From: Kairui Song <ryncsn@gmail.com>
To: linux-mm@kvack.org
Cc: Andrew Morton <akpm@linux-foundation.org>,
Chris Li <chrisl@kernel.org>,
Kemeng Shi <shikemeng@huaweicloud.com>,
Nhat Pham <nphamcs@gmail.com>, Baoquan He <bhe@redhat.com>,
Barry Song <baohua@kernel.org>,
"Rafael J. Wysocki" <rafael@kernel.org>,
Carsten Grohmann <carstengrohmann@gmx.de>,
linux-kernel@vger.kernel.org,
"open list:SUSPEND TO RAM" <linux-pm@vger.kernel.org>
Subject: Re: [PATCH 1/2] mm, swap: simplify checking if a folio is swapped
Date: Sun, 15 Feb 2026 18:41:05 +0800 [thread overview]
Message-ID: <CAMgjq7C2K5mAVcieX5rUUk9Qu3o7OgHkFqBU86AsvxNQG0uoUw@mail.gmail.com> (raw)
In-Reply-To: <20260215103815.87329-1-ryncsn@gmail.com>
On Sun, Feb 15, 2026 at 6:38 PM Kairui Song <ryncsn@gmail.com> wrote:
>
> From: Kairui Song <kasong@tencent.com>
>
> Clean up and simplify how we check if a folio is swapped. The helper
> already requires the folio to be in swap cache and locked. That's enough
> to pin the swap cluster from being freed, so there is no need to lock
> anything else to avoid UAF.
>
> And besides, we have cleaned up and defined the swap operation to be
> mostly folio based, and now the only place a folio will have any of its
> swap slots' count increased from 0 to 1 is folio_dup_swap, which also
> requires the folio lock.
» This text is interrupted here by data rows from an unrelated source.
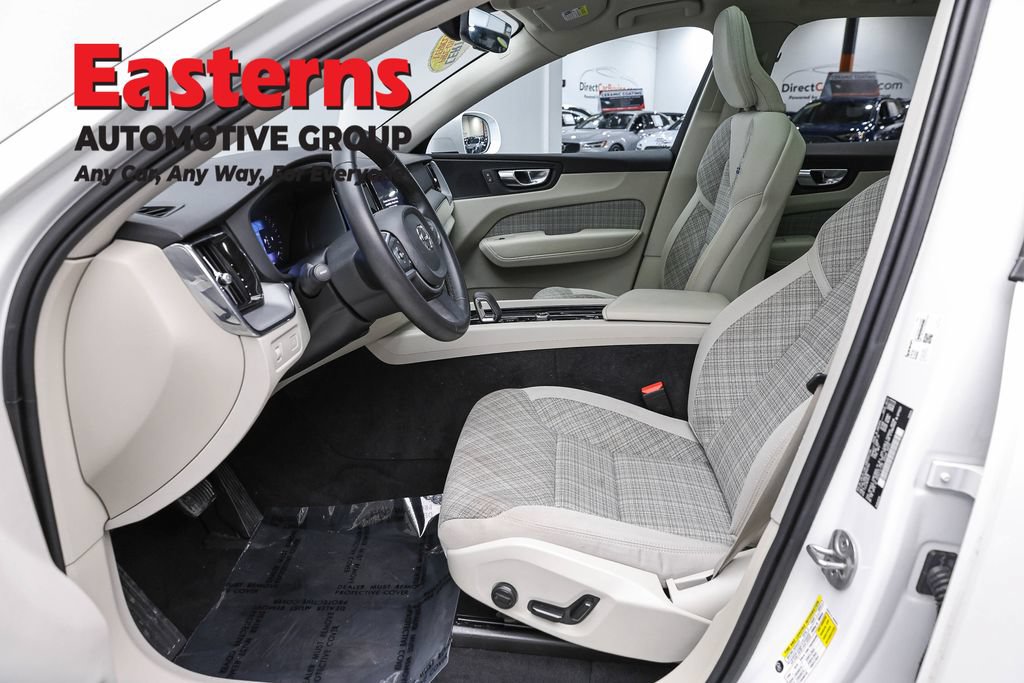 Used 2022 Volvo XC60 B5 Momentum AWD/4WD image 16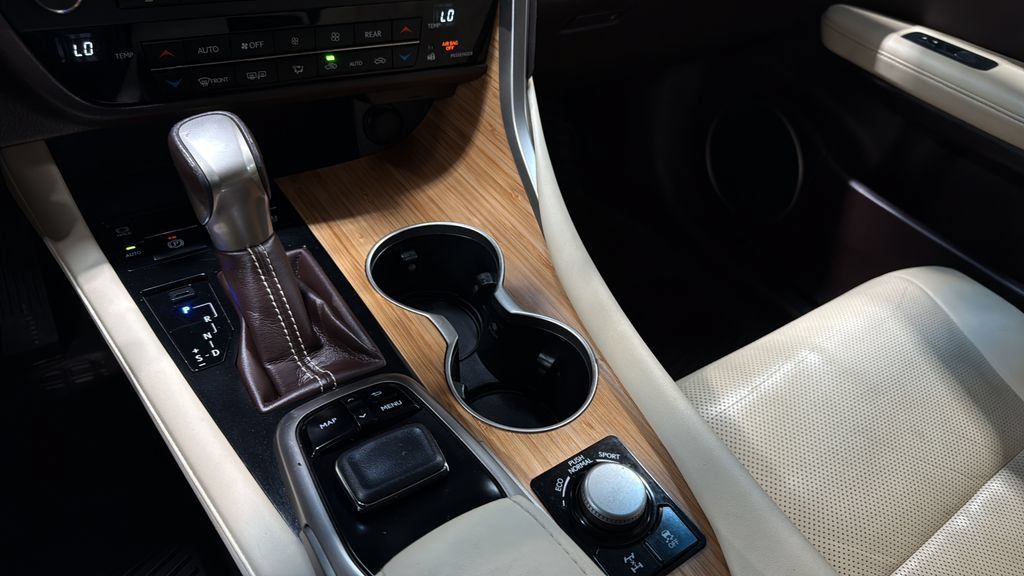 Used 2018 Lexus RX 350L AWD image 36
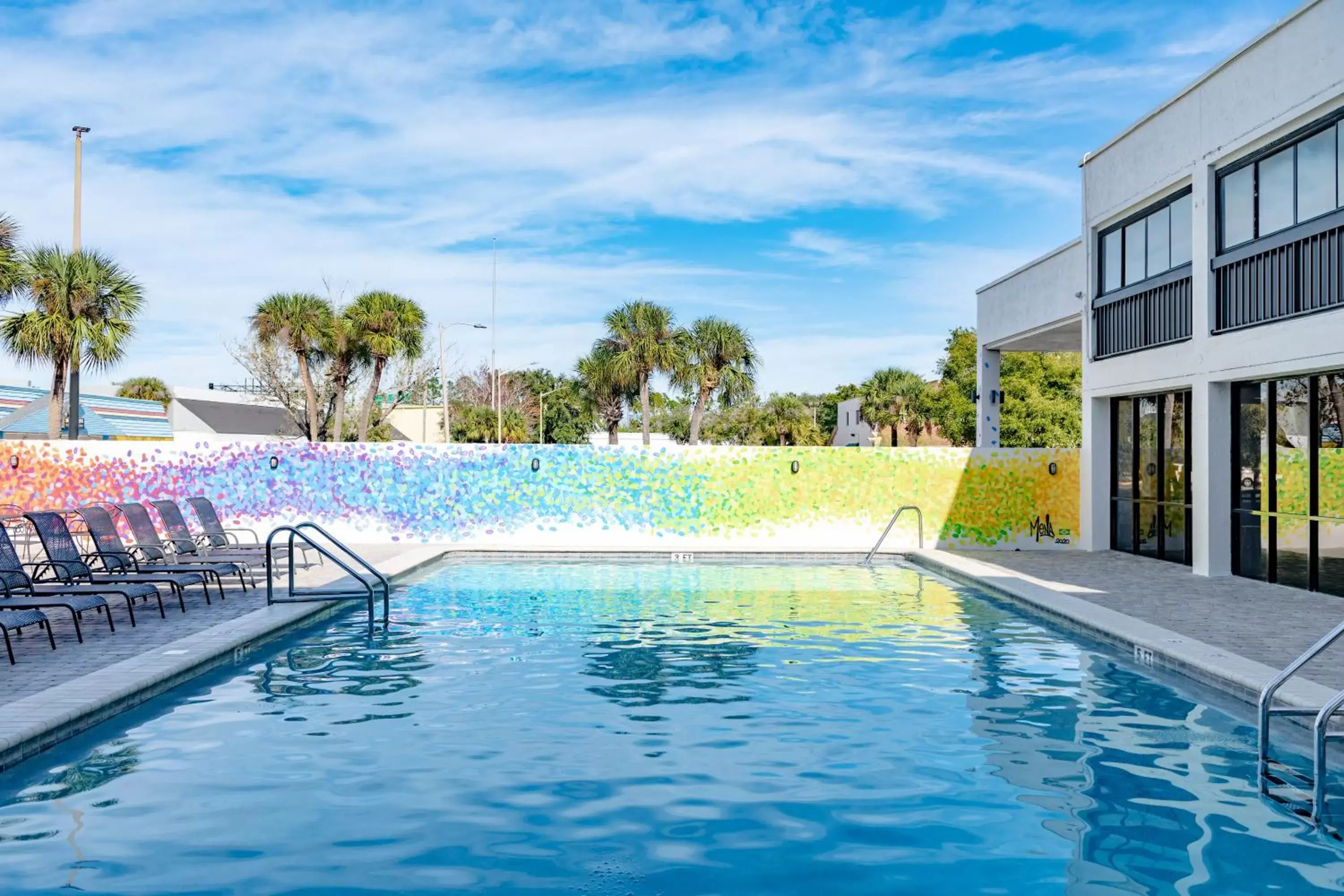 Property building, Swimming Pool in Hotel Monreale Express International Drive Orlando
So as we are holding the folio lock here, a
> folio can't change its swap status from not swapped (all swap slots have
> a count of 0) to swapped (any slot has a swap count larger than 0).
>
> So there won't be any false negatives of this helper if we simply depend
> on the folio lock to stabilize the cluster.
>
> We are only using this helper to determine if we can and should release
> the swap cache. So false positives are completely harmless, and also
> already exist before. Depending on the timing, previously, it's also
> possible that a racing thread releases the swap count right after
> releasing the ci lock and before this helper returns. In any case, the
> worst that could happen is we leave a clean swap cache. It will still be
> reclaimed when under pressure just fine.
>
> So, in conclusion, we can simplify and make the check much simpler and
> lockless. Also, rename it to folio_maybe_swapped to reflect the design.
>
> Signed-off-by: Kairui Song <kasong@tencent.com>
> ---
> mm/swap.h | 5 ++--
> mm/swapfile.c | 82 ++++++++++++++++++++++++++++-----------------------
> 2 files changed, 48 insertions(+), 39 deletions(-)
>
> diff --git a/mm/swap.h b/mm/swap.h
> index 9fc5fecdcfdf..3ee761ee8348 100644
> --- a/mm/swap.h
> +++ b/mm/swap.h
> @@ -195,12 +195,13 @@ extern int swap_retry_table_alloc(swp_entry_t entry, gfp_t gfp);
> *
> * folio_alloc_swap(): the entry point for a folio to be swapped
> * out. It allocates swap slots and pins the slots with swap cache.
> - * The slots start with a swap count of zero.
> + * The slots start with a swap count of zero. The slots are pinned
> + * by swap cache reference which doesn't contribute to swap count.
> *
> * folio_dup_swap(): increases the swap count of a folio, usually
> * during it gets unmapped and a swap entry is installed to replace
> * it (e.g., swap entry in page table). A swap slot with swap
> - * count == 0 should only be increasd by this helper.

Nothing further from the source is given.